Il l’écouta et comprenait son point de vue sur la question, en partie. Il aimait voir les traces d’encre, colorées ou non, traçant des formes qui représentent un bout de la personne qui les porte. Un bout de son histoire. Même les erreurs dues à l’âge ou à l’alcool avaient quelque chose de magique à observer, mais il est vrai que cela devait être une décision à prendre avec assez de recul pour vivre avec cela à vie.
— Tu n’es pas obligé de les avoir éternellement. Il faut simplement choisir le style de tatouage que tu veux en soi. Si tu fais un dessin à l’encre de fumée noire ou si c’est moi qui l’appose, il n’a pas besoin d’être éternel.
Quelque part sans même y faire attention c’était une invitation pour dessiner lui-même sur sa peau les motifs qui lui plairait. L’acte en soi était dans les contacts physiques qu’il acceptait le mieux. Utiliser la peau de l’autre comme une feuille de papier vierge avait quelque chose de vraiment plaisant. Il releva sa manche assez haut pour montrer le début d’un Ink qu’il se dessinait sur l’avant-bras gauche.
— Faire des dessins sur les rapports n’est pas une bonne chose à faire, j’oubliais parfois de les effacer et Lou m’a repris sur cela. Je ne sais pas si je voudrais moi-même avoir une œuvre de manière indélébile pour toujours sur moi, même pour mon pouvoir.

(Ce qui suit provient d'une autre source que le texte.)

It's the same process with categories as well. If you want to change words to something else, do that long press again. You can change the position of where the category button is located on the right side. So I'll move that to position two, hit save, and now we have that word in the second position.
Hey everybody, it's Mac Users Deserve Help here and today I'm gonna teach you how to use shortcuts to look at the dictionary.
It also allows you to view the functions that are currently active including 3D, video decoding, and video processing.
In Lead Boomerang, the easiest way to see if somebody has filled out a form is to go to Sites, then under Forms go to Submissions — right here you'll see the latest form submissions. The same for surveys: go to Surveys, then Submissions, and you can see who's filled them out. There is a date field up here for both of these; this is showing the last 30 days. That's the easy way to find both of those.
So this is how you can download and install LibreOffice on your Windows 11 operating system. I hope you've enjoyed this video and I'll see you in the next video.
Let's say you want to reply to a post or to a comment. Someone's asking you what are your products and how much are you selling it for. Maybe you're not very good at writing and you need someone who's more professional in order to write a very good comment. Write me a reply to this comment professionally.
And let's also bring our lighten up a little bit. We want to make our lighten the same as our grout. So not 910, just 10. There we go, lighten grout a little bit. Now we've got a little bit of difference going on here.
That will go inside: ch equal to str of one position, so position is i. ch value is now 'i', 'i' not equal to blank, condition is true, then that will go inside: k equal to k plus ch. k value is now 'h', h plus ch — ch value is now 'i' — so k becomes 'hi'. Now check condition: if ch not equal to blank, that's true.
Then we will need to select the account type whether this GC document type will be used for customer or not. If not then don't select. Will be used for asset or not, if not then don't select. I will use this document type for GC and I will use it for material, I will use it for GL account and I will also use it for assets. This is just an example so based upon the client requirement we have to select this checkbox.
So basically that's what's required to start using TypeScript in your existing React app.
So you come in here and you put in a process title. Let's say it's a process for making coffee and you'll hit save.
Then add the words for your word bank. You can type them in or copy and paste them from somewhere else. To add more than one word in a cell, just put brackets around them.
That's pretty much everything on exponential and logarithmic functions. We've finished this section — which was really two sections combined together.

Il avait vu bien trop d’aventuriers avoir un tatouage magique rendu inutile suite à une mutilation de ce dernier lors d’une quête. Même si lui-même n’allait pas sur le terrain, il avait en mémoire certains regards amers sur ces marques de ce qui avait pu être leur puissance passée et qu’ils ne pouvaient rétablir soit pour des causes financières, soit simplement parce que même les meilleurs enchanteurs ne pouvaient rien y faire.
— Après, je sais que j’aime dessiner un peu tout, du moment que ce n’est pas des prénoms ou des dates. Même de manière temporaire je ne pense pas que cela soit une bonne chose.
Les relations humaines étaient trop fragiles, même avec des gens d’une même famille, pour les inscrire sur la peau. Ça aussi c’était quelque chose qu’il avait pu voir. Son visage fut un peu plus triste à ce rappel.
— Si c’est ce que tu souhaites, je ne te le conseille pas, mais c’est ta peau et tes choix. Est-ce que tu voudrais tenter quelque chose du coup ?
La peau de Neveah avait un bon potentiel pour des dessins dessus. Comme toutes les peaux en soit, mais c’est celle de sa collègue qu’il a à portée de main là tout de suite.